= Fegge =

Town in Anambra State, Nigeria

Fegge is a town in Anambra State, Nigeria. It serves as the administrative center for the Onitsha South Local Government Area.

== History ==
Historically, Fegge was part of the Obosi Kingdom. Following the Nigerian Civil War, there was significant immigration into Obosi, changing its demographics. Previously, Maryland, the present-day Fegge, was considered part of the Obosi Kingdom's housing districts.

Fegge was initially inhabited by traders from the Nupe-speaking Kingdom and later developed for new settlements, became a focal point of conflict between the Ogbo family of Ndi-Onicha and the Obosi community. The disputes centered around land ownership, with the Ogbo family claiming the territory south of Onitsha, including Fegge, while the Obosi people, who had constructed homes and lived there for years, were considered squatters.

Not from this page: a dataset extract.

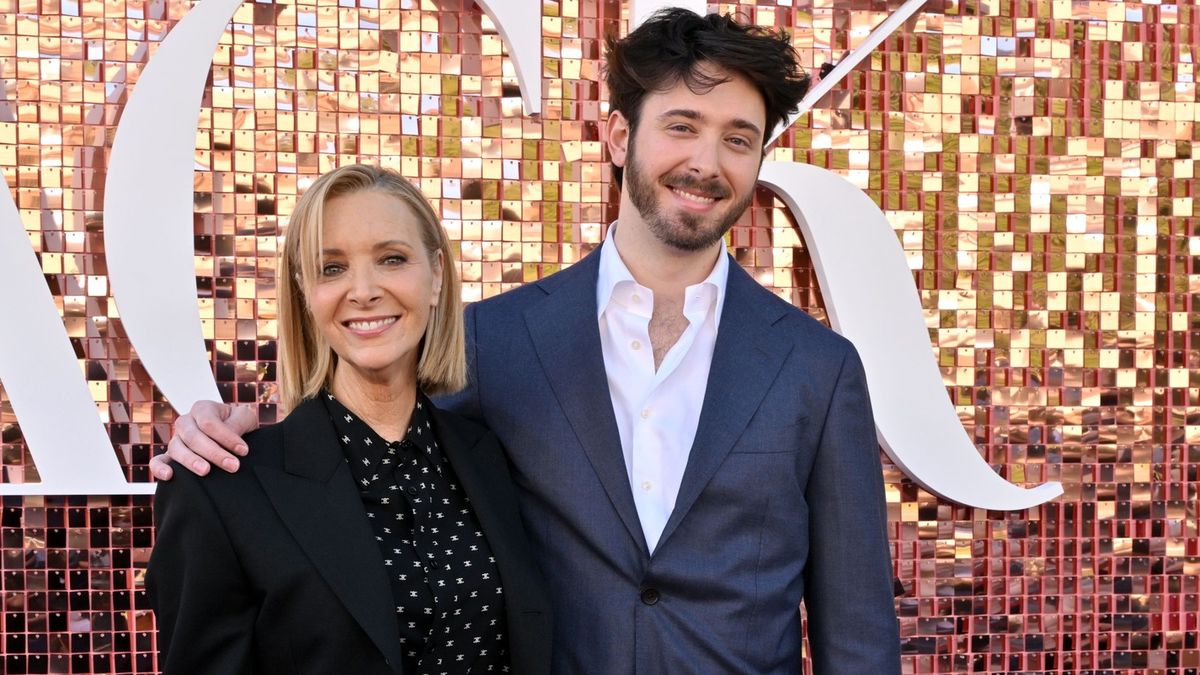 Jak je vysoký a pohledný! Phoebe z Přátel výjimečně vyvedla syna, předvedli pořádnou objímačku. Fanynky zbystřily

In the late 1950s and early 1960s, these tensions erupted into violent confrontations. A notable incident in 1960 saw a hostile exchange between the Onitsha police and Obosi residents, resulting in deaths, injuries, and widespread unrest. The police, armed and prepared for confrontation, faced a defiant Obosi crowd unwilling to vacate the disputed land. This incident highlighted the deep-rooted animosities and complex social ties between the Onitsha and Obosi communities, as well as the broader implications for land ownership and regional politics in southeastern Nigeria during this period. Despite the violence, there were also instances of inter-community relationships, underscoring the intricate web of familial and social connections that both fueled and occasionally tempered the conflicts.

== Geography ==
Fegge is located on the east bank of the River Niger, with Osumaru Road marking its eastern boundary.